Mekâna rengini veren, kimlik kazandıran içindeki insan ve yaşantı. Yaklaşık iki aydır aktif biçimde kullanılmaya başlanan Cumhurbaşkanlığı Sarayı da içinde yaşandıkça bir renge bürünüyor. Henüz inşaat aşamasında ‘gösteriş ve israf’ tartışmalarına konu olan saray, şimdi içindeki kimlik öğeleri ile gündemde.
Öncelikle şunu ifade edelim ki, pek çok mevzuda olduğu üzere saray da, işin hakikati üzerinden değil, Türkiye’deki yerleşik ideolojik kalıplar üzerinden tartışılıyor. Nitekim iktidar karşıtları, oryantalist klişeleri çağrıştıran ‘1000 odalı saray’ diskuru üzerinden sarayın ‘gösteriş abidesi’ bir mekân olduğu fikrinde mevzi aldılar.
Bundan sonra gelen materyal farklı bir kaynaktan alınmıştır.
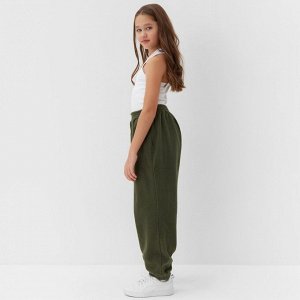 Брюки флисовые для девочки MINAKU: Fleece Soft, зелёные.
Bundan 4-5 yıl önce, 11. Cumhurbaşkanı döneminde alınmış ve Cumhurbaşkanlığı makamı için lüks sayılmayacak altın sarısı dekorlu bardakları dahi mevcut Cumhurbaşkanı’nın ‘israf’ hanesine yazdılar. Oysa gidip gören hemen herkesin ittifak ettiği bir şey var; sarayın iddia edildiği kadar gösterişli olmadığı. Temsil mekânlarının –ki bu sarayın yalnızca makam kısmını oluşturuyor- bulunduğu bölümdeki özel bir dekor dışında sarayın geri kalan bölümleri sade ve normal bir devlet yönetim binasından öteye geçmiyor. Sarayı yakından görenler, binanın Türkiye’nin son 10 yılda artan refahına ters düşen bir yanı olmadığı fikrinde birleşiyor. Türkiye’nin yeni yapılan hastaneleri, havalimanları, okulları ne ölçüde imkânlara sahipse, Cumhurbaşkanlığı Sarayı’nın irili-ufaklı 1000 odası da benzer özellikler taşıyor.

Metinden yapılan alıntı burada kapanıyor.